The Prime Minister's Economic Advisory Council on Friday said the Indian economy will grow by 8.5 per cent in 2010-11 and by 9 per cent next year, but high prices and poor infrastructure remained key worries in the medium term.
The farm sector is likely to grow by 4.5 per cent, industry by 9.3 per cent and services by 8.5 per cent, boosting growth.
The council, headed by former Reserve Bank of India (RBI) governor C. Rangarajan, said inflation would come down to around 6.5 per cent by the end of 2010-11.
The growth projections are lower than that of International Monetary Fund’s (IMF’s) 9.4 per cent for 2010.
The council had earlier pegged India's 2010-11 growth at 8.2 per cent.
The economy grew 7.4 per cent in 2009-10, aided by a sharp rebound in industry and services, and a better-than-expected farm output.
Growth had slowed to 6.7 per cent in 2008-09 after growing at 9 per cent for four straight years before a crisis in the US roiled the global economy.

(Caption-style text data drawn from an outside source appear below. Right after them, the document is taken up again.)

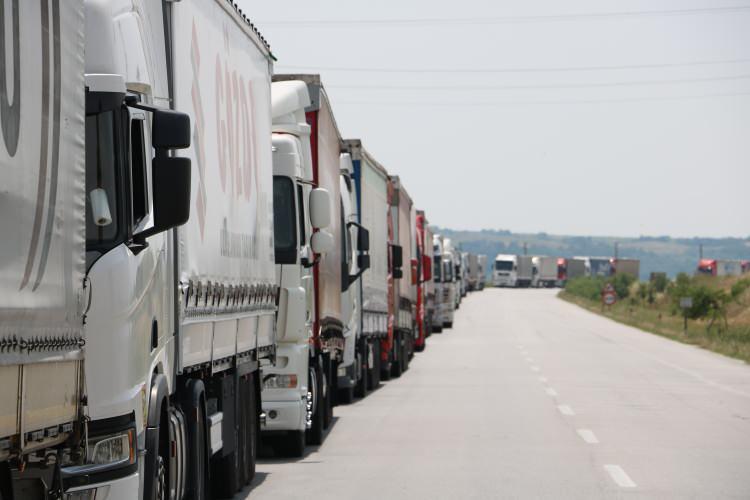 <p>Bu sabah saat 06.00’da otobandan ayrıldım ve navigasyondan baktım 40 kilometre yani biz burada 4 gün bekleyeceğiz.</p>
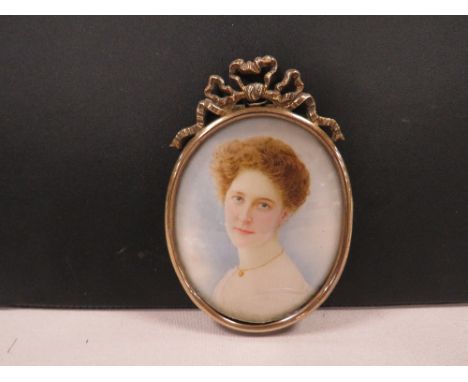 An antique hand painted miniature portrait 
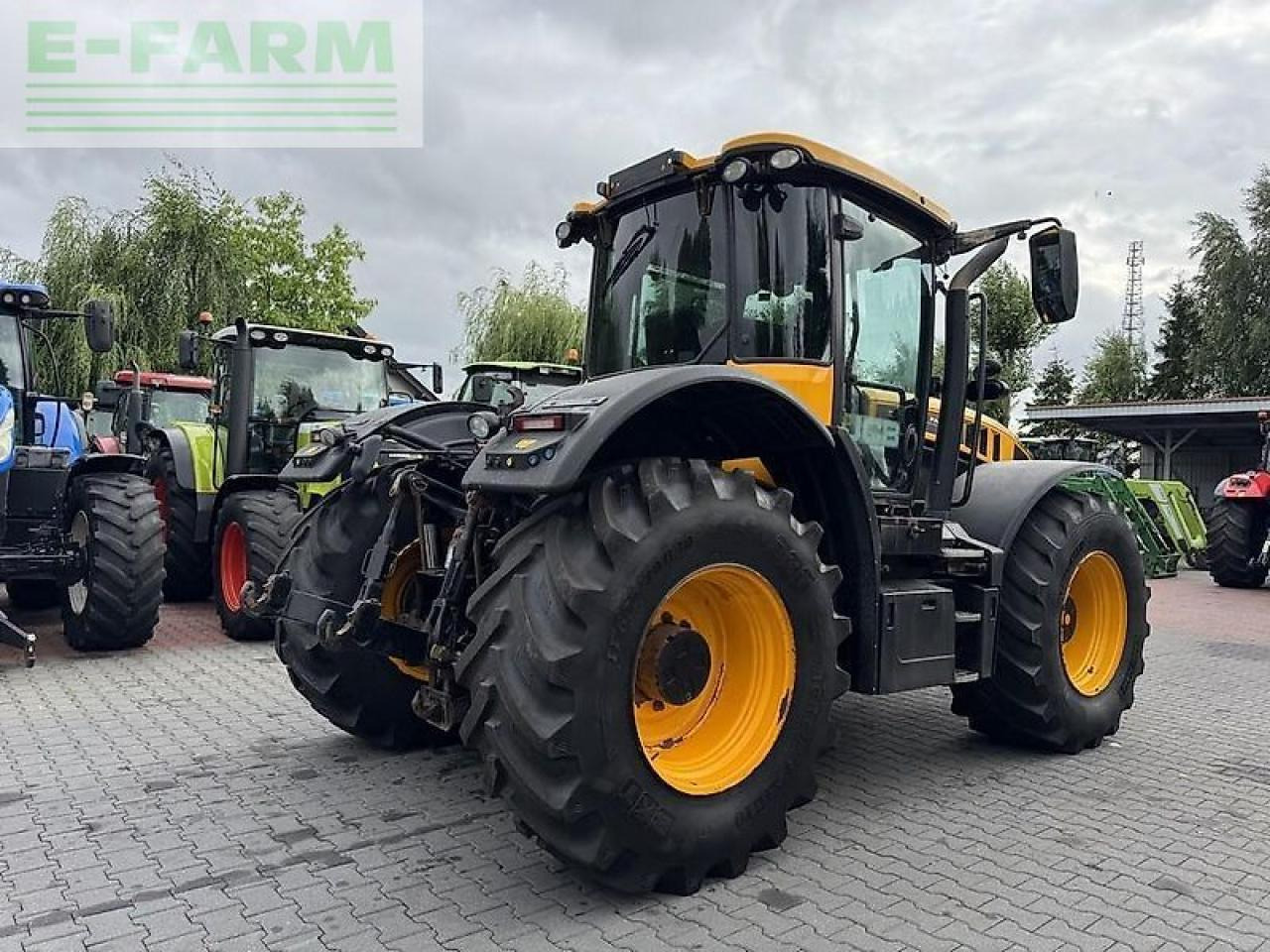 JCB fastrac 4220 - Traktor: obrázek 5 JCB fastrac 4220 - Traktor: obrázek 5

Wholesale prices-based inflation is hovering around 10.55 per cent, but is expected to go up further as the secondary effects of oil price increase kicks in across broader economic activities.
The RBI, which will present the quarterly monetary policy review on July 27, should take either strong monetary action or "baby steps" to arrest it, Rangarajan said.
The council expects inflation to fall to 7-8 per cent by December before cooling to about 6.5 per cent by the end of March 2011 as higher farm output buoyed by normal monsoon rains help enhance food supplies and pull down prices.